Well the case itself doesn't make noise, its the fans on the hardware. So gennerally each case is quiet


----------



## loserOlimbs (Jun 19, 2004)

http://www.metku.net/index.html?sect=view&n=1&path=mods/whiskypc/index_eng

Best case EVER!!!

For my own practical computing experience however, something cheap, room for a 120mm fan or three, a few for 80mm, and lots of expansion bays, hopefully the bays are removable tray/ slot style!

Who needs quite! A PC is like a good sports car, you should hear a low rumble from miles away!


----------



## Goldfish92 (Aug 30, 2007)

Right, Ultimate 3 cases...

Antec P182 http://www.scan.co.uk/Products/ProductInfo.asp?WebProductID=604059 (my current case)

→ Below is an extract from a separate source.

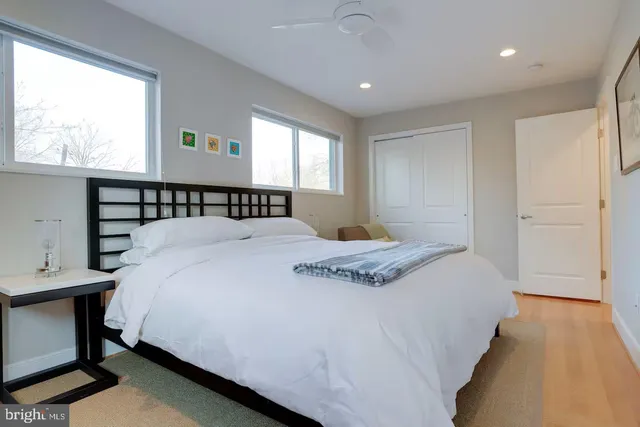 a bedroom with a bed and window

Coolermaster 830 Evolution http://www.scan.co.uk/Products/ProductInfo.asp?WebProductID=462687

Silverstone TJ09 http://www.scan.co.uk/Products/ProductInfo.asp?WebProductID=487766


----------



## brite750 (Mar 16, 2002)

http://www.newegg.com/Product/Product.aspx?Item=N82E16811112116

these are pretty nice


----------



## Nightfirecat (Sep 13, 2007)

Get one of the $50 cooler master cases... Those are nice.


----------